Segment Start: TASK MATERIAL

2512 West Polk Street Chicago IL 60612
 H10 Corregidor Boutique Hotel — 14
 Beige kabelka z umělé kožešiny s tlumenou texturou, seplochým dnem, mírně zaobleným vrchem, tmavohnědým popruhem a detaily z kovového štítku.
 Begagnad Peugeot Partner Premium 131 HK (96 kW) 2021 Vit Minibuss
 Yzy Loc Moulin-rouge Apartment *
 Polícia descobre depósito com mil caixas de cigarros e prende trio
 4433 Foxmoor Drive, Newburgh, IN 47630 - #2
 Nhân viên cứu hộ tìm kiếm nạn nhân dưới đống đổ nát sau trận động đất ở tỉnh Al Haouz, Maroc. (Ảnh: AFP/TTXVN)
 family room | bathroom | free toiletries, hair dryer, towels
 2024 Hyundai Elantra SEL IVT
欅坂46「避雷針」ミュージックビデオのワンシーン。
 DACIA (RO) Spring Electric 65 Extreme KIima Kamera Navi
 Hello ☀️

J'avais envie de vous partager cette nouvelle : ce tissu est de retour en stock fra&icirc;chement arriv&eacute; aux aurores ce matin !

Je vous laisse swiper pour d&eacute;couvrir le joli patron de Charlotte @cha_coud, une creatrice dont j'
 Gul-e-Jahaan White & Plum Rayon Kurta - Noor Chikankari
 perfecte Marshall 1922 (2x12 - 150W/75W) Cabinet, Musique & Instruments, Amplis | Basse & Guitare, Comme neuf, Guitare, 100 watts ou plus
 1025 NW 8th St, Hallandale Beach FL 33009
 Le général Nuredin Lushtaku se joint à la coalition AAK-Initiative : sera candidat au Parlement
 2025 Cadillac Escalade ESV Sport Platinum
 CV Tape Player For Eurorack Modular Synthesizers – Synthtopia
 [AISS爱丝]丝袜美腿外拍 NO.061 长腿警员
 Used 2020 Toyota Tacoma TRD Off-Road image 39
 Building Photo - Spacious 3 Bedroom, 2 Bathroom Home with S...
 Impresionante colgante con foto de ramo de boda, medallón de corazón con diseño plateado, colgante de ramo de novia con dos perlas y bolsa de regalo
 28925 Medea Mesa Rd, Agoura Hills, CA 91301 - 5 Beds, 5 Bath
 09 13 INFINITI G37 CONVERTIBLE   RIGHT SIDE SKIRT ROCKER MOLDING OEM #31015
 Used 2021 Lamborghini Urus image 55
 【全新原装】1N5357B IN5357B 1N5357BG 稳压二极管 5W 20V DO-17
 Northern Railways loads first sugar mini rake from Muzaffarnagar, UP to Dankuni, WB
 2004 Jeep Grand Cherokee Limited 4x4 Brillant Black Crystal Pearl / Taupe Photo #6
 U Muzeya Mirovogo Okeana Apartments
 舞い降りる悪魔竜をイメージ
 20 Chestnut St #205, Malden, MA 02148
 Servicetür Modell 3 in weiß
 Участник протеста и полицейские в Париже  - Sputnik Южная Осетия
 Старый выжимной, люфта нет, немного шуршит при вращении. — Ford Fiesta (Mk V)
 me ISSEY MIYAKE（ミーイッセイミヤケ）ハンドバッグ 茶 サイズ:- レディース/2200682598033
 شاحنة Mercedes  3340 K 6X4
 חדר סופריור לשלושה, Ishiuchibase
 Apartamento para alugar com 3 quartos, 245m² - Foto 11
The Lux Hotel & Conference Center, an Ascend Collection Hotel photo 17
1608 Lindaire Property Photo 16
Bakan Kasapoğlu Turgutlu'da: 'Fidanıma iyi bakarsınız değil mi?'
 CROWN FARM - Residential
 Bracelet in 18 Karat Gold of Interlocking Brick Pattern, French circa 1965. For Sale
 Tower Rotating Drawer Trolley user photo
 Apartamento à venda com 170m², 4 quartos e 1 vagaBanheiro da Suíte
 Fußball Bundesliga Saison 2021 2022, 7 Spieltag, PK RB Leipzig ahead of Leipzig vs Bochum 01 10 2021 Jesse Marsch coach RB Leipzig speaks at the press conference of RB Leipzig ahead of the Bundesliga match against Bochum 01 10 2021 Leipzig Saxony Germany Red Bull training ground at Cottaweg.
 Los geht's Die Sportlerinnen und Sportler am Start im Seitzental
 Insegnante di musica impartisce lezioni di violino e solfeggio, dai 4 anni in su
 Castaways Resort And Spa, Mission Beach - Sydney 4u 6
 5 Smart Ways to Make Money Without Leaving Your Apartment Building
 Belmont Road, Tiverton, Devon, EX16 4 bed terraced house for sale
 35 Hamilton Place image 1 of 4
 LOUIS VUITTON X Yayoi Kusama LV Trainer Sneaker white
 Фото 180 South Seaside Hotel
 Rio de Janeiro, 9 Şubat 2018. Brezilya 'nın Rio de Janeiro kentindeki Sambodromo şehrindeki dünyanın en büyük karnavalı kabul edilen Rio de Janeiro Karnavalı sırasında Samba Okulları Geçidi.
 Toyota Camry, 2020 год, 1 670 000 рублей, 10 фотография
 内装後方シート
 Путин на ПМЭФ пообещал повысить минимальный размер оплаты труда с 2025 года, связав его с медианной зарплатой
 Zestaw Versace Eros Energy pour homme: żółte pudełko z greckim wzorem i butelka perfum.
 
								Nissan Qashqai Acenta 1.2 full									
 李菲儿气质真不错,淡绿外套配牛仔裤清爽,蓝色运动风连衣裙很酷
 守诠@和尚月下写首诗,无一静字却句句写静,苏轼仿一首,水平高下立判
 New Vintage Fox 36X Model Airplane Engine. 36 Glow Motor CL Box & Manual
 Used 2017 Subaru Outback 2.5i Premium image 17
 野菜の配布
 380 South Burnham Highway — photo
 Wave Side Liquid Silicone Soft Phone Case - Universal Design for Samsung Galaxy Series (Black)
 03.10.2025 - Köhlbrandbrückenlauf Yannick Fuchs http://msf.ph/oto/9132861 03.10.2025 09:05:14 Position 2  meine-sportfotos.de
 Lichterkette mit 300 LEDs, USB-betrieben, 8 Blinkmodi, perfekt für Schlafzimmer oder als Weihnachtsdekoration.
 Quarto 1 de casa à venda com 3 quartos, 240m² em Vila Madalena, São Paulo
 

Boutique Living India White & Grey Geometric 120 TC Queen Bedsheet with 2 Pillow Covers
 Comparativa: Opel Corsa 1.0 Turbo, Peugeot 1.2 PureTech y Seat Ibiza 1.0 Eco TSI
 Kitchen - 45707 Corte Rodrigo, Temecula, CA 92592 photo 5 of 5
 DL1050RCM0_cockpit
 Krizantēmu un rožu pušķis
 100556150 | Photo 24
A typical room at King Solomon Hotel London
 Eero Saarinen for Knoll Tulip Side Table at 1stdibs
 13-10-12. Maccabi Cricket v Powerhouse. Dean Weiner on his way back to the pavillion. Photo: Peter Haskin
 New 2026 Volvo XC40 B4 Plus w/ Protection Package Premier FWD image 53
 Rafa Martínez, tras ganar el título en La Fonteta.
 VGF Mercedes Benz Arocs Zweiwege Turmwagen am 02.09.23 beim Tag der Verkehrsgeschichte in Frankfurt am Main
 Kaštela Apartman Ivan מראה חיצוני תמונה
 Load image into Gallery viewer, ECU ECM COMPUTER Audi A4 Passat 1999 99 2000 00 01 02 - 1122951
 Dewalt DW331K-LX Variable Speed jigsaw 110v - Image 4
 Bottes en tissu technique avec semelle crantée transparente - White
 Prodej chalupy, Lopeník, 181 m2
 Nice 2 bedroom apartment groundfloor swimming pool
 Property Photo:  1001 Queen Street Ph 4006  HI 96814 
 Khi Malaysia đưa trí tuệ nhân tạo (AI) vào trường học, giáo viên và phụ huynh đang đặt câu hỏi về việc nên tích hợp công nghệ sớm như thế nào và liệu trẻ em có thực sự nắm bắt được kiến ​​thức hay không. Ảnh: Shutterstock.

Segment End: TASK MATERIAL

- ASSIGNMENT
The lines to copy run from the first line of the entries to the line containing "1025 NW 8th St, Hallandale Beach FL 33009"; copy them exactly and output nothing else.

- TASK SOLUTION
2512 West Polk Street Chicago IL 60612
 H10 Corregidor Boutique Hotel — 14
 Beige kabelka z umělé kožešiny s tlumenou texturou, seplochým dnem, mírně zaobleným vrchem, tmavohnědým popruhem a detaily z kovového štítku.
 Begagnad Peugeot Partner Premium 131 HK (96 kW) 2021 Vit Minibuss
 Yzy Loc Moulin-rouge Apartment *
 Polícia descobre depósito com mil caixas de cigarros e prende trio
 4433 Foxmoor Drive, Newburgh, IN 47630 - #2
 Nhân viên cứu hộ tìm kiếm nạn nhân dưới đống đổ nát sau trận động đất ở tỉnh Al Haouz, Maroc. (Ảnh: AFP/TTXVN)
 family room | bathroom | free toiletries, hair dryer, towels
 2024 Hyundai Elantra SEL IVT
欅坂46「避雷針」ミュージックビデオのワンシーン。
 DACIA (RO) Spring Electric 65 Extreme KIima Kamera Navi
 Hello ☀️

J'avais envie de vous partager cette nouvelle : ce tissu est de retour en stock fra&icirc;chement arriv&eacute; aux aurores ce matin !

Je vous laisse swiper pour d&eacute;couvrir le joli patron de Charlotte @cha_coud, une creatrice dont j'
 Gul-e-Jahaan White & Plum Rayon Kurta - Noor Chikankari
 perfecte Marshall 1922 (2x12 - 150W/75W) Cabinet, Musique & Instruments, Amplis | Basse & Guitare, Comme neuf, Guitare, 100 watts ou plus
 1025 NW 8th St, Hallandale Beach FL 33009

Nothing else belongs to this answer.